The *only* platform that so far in spirit lives up to those promises is OpenMoko. Unfortunately, the 'best' platform for it (FreeRunner) is a tad underpowered technically.
XML is like violence. If it doesn't solve the problem, use more.
Haven't the cell providers already been trying to sell extra apps for years? Mostly games. How many un-erase-able demos are on your cell phone?
Apple has opened the floodgates in yet another market. Delivering to customers what they actually want, instead of what some misguided "marketing" department would prefer to force down their throats.
Nokia started a weird campaign promoting its "Download!" making even die-hard Symbian blogs mad. Why? Because it is not really timely co-ordinated campaign and we (Nokia users) still see 10-15 never updated, never changed stuff in "Download!" menu in our phones.
Check news about it: http://www.allaboutsymbian.com/news/item/7743_Secret_really_is_a_secret.php
Nokia sits there, look for some great open source/free applications shipped for Symbian, doesn't freely sign them or cover their signing costs, donate to authors, help them, at least put the s60.com apps to the menu.

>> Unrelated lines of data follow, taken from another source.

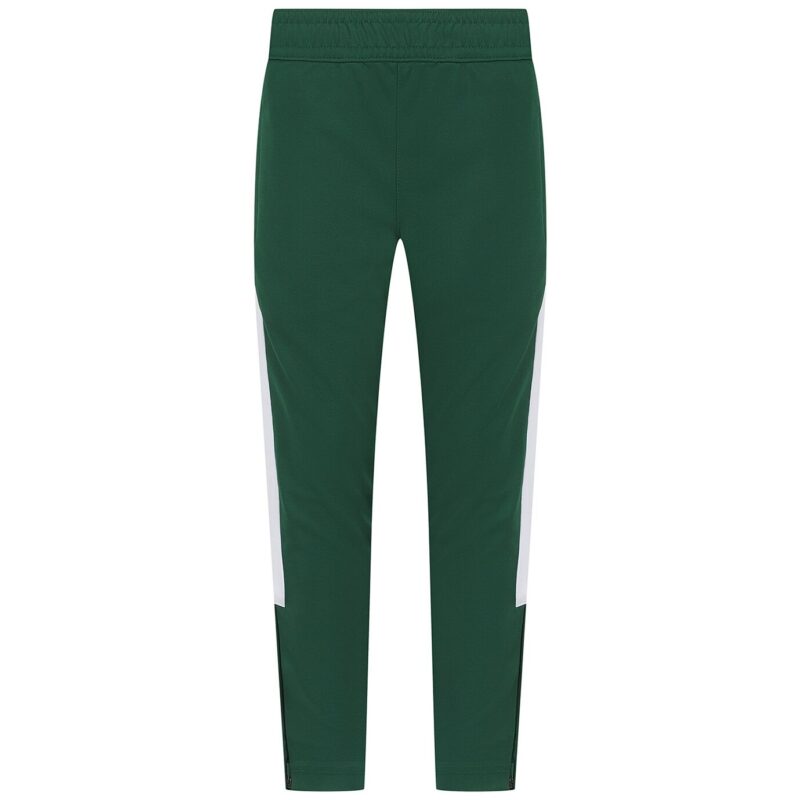 Finden + Hales Kids Knitted Tracksuit Pants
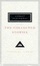 Cover of "Collected Stories"
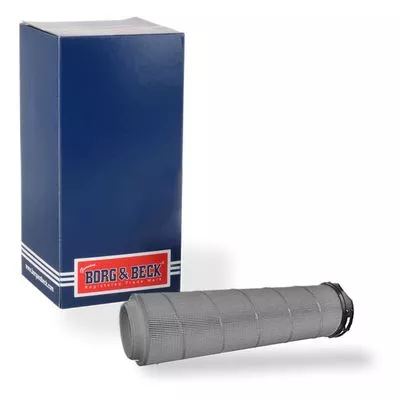 Air Filter Fits Mercedes-benz E-class S-class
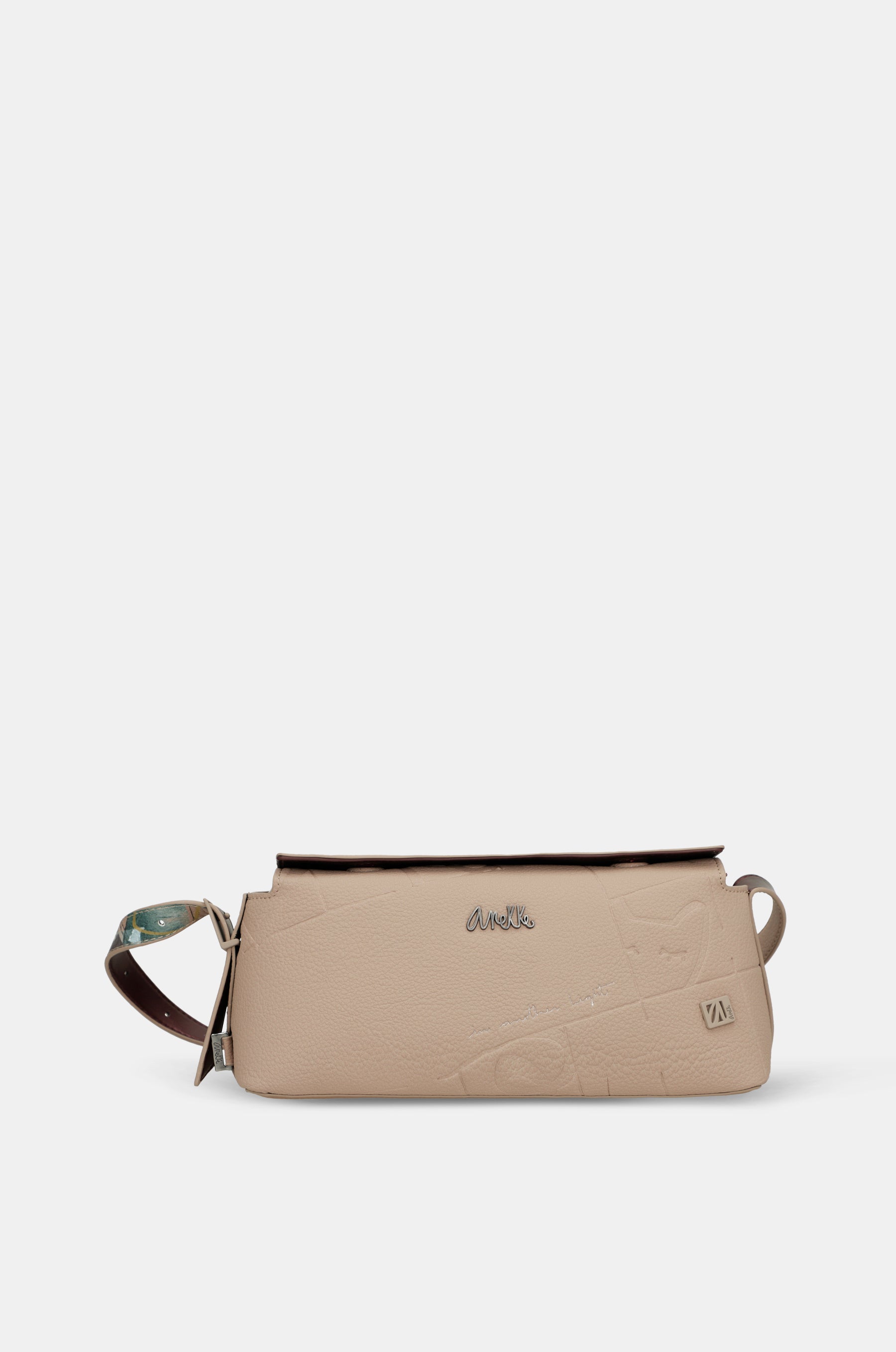 Borsa media allungata Evolution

All they do is some good graphics wallpaper and application. Yea, race with Apple this way... They don't even put "Opera" and "Fring" to "Internet" category, 2 apps which will never ship for Apple iPhone (with this SDK/EULA) for God's sake.

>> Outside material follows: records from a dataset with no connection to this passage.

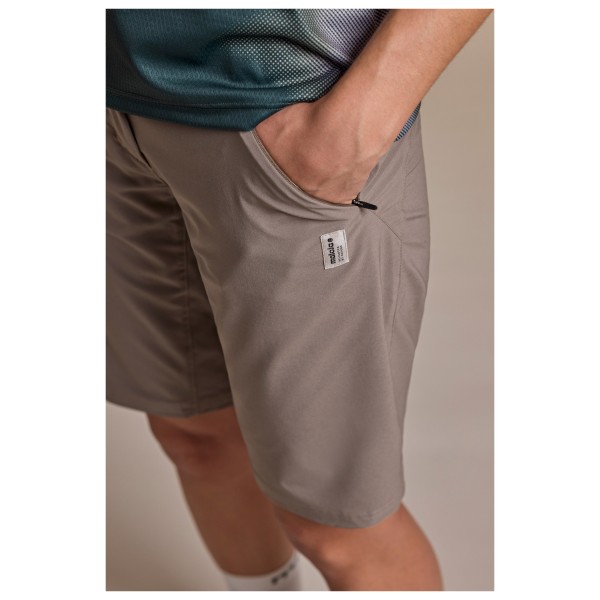 Maloja - Women's AnemonaM. - Pantalon de cyclisme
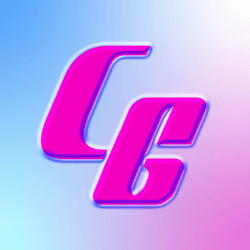 Crypto_Graphic Collection collection image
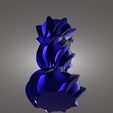изображение_2022-05-02_213808437.png Flower vase, decorative vase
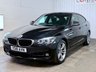 USED 2018 18 BMW 3 SERIES GRAN TURISMO 2.0 320i Sport GT 5dr Petrol Manual xDrive Euro 6 (s/s) (184 ps) SAT NAV + REAR PARKING SENSORS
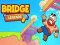 Spel Aanlyn Brug Legende aanlyn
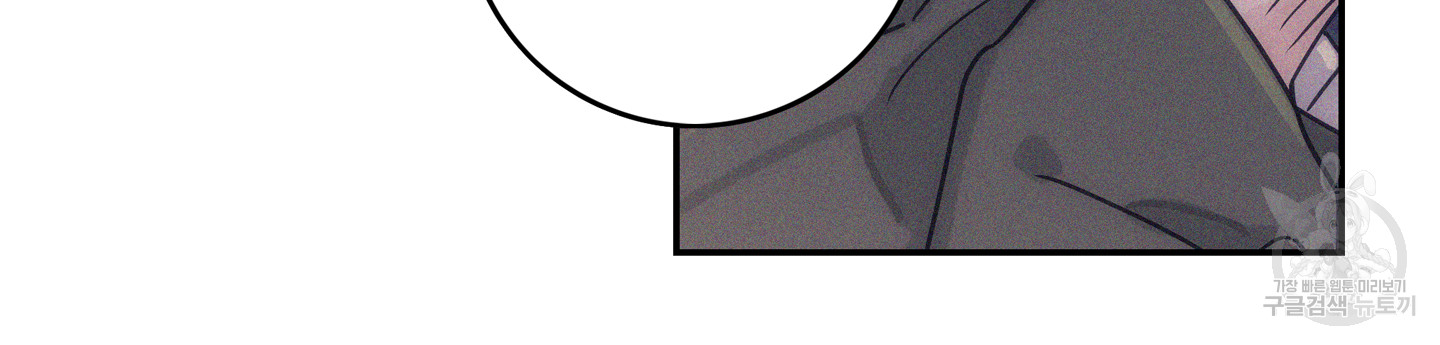 1689438625_10983466769423.jpg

You seem to have a different definition of "many" than I do. iPhone adoption has been huge so far, and not just "a small group of fanatics."

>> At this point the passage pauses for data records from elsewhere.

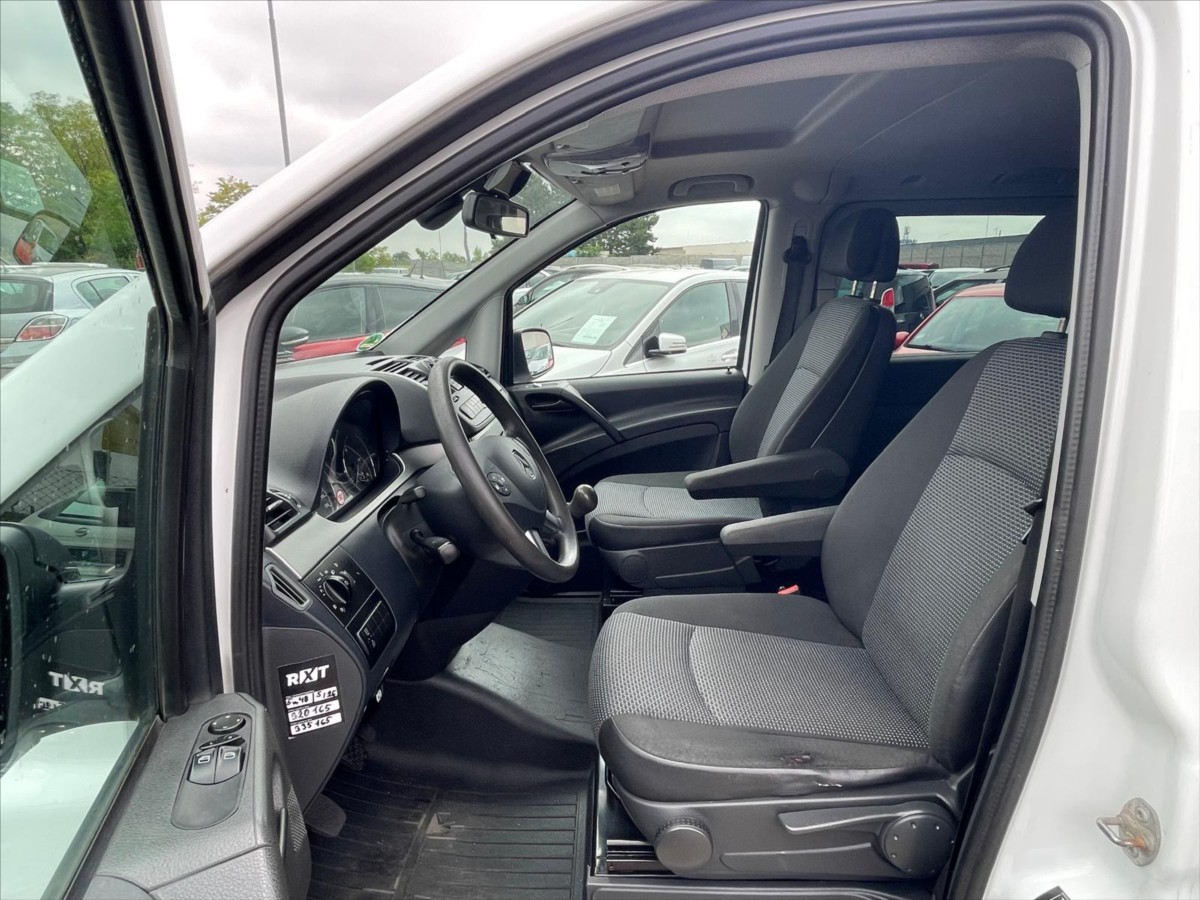 mercedes-benz-vito-2-2-116-cdi - 7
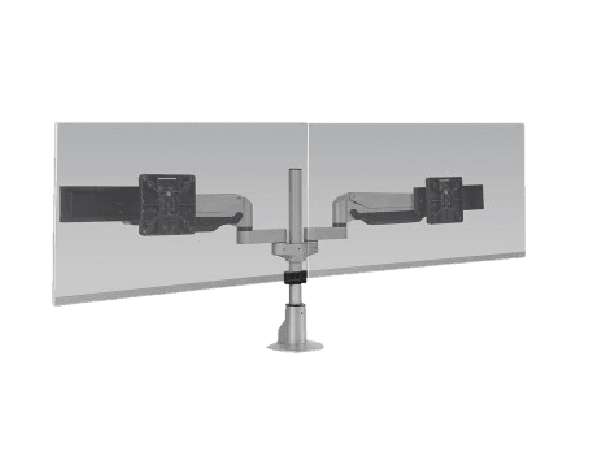 E2 Connex Dynamic Dual Wide-01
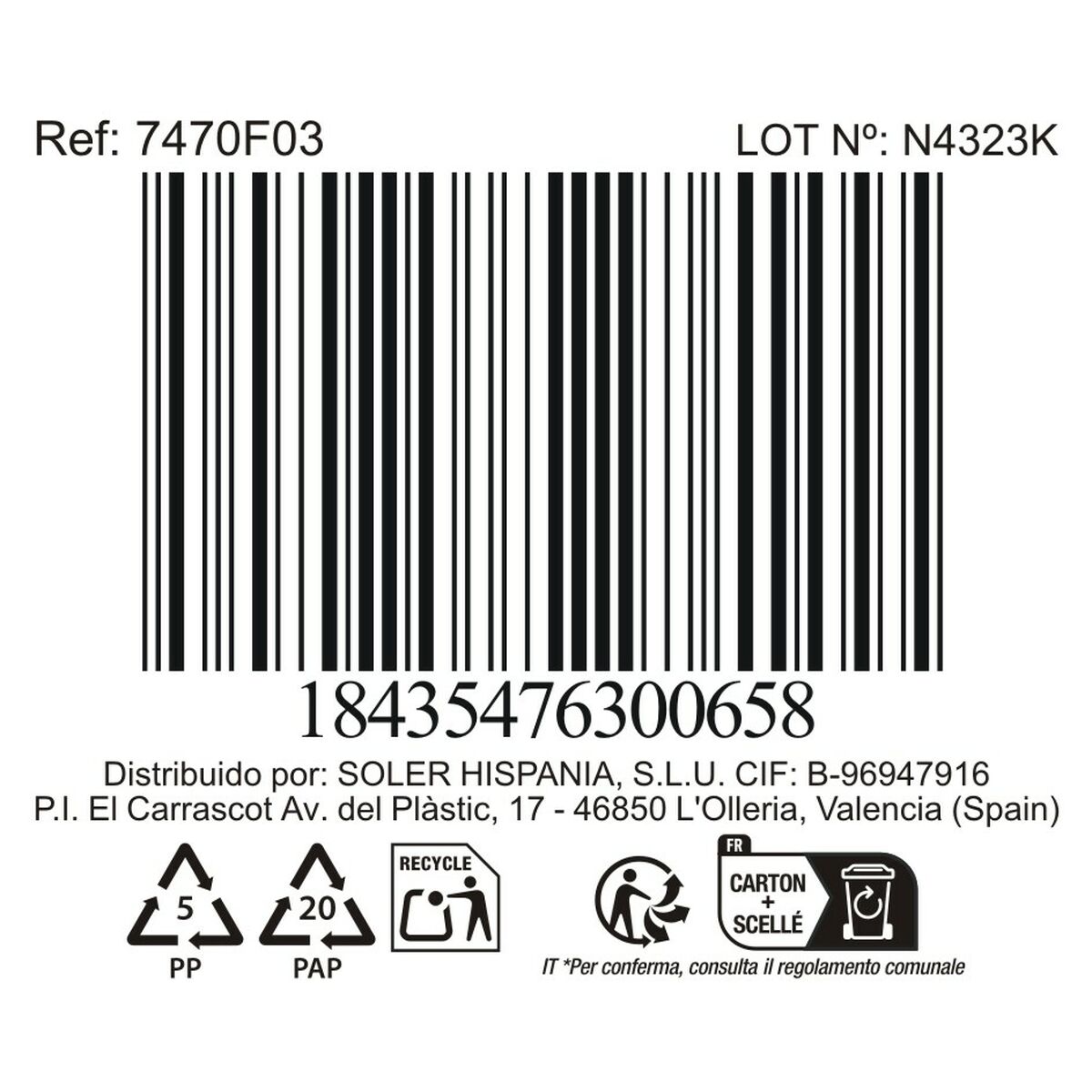 V1H2B4CBAD0DAFB10EE978B8C9267DBED5FRP4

As the Washington Post article mentions, Steve Jobs' stated goal for Apple is 10 million iPhones in 2008. A rather modest goal for an industry that pushes more than a billion units a year. For the first half of the year, Apple has only sold 2.4 million iPhones.
Of course, the spin in this article doesn't stop with iPhone "popularity"... The article is also spinning this as a competition between T-Mobile and Apple. There is no competition. You cannot choose T-mobile's app store over Apple's on your iPhone. Likewise, you cannot shop at Apple's store on a T-Mobile phone. Apple's store is irrelevant to T-Mobile's ambitions. Apple exists in its own little walled garden.
Furthermore, it sounds as if T-Mobile is competing with Nokia's Download Store which, BTW, predates Apple's app store... and iPhone for that matter. Why wasn't the actual competition mentioned? That's where the meat is in this news... Will Nokia be blocked by T-Mobile on their locked handsets? Will the T-Mobile store offer a better deal to S60 developers? Will Nokia withhold signed apps from T-Mobile or fast track the signing process for Nokia Download Store developers?
Nope, no real news in this article. It's just fanboy infotisement. How did it even make front page? News for nerds indeed...
No, they're basing the cut on how data-heavy your app is, not the number of people using it. So, T-Mobile would take a smaller cut from GTalk, and a bigger cut from SlingPlayer. The number of users is irrelevant. Also, all of T-Mobile's data plans (from the $6 tZones to the $20 BIS and "Total Internet") are unlimited. If you don't have a data plan, then it is by usage.
"I think an etch-a-sketch with an ethernet port would beat IE7 in web standards compliance."
Dude, it's even cheaper than the other reply says. If Microsft finds out you are a developer they will send you all the shit you need FOR FREE. They've given me three copies of Vista Ultimate, a copy of server 2008 enterprise, a couple copies of visual studio pro, a copy of the mobile development kit, and a couple copies of SQL server.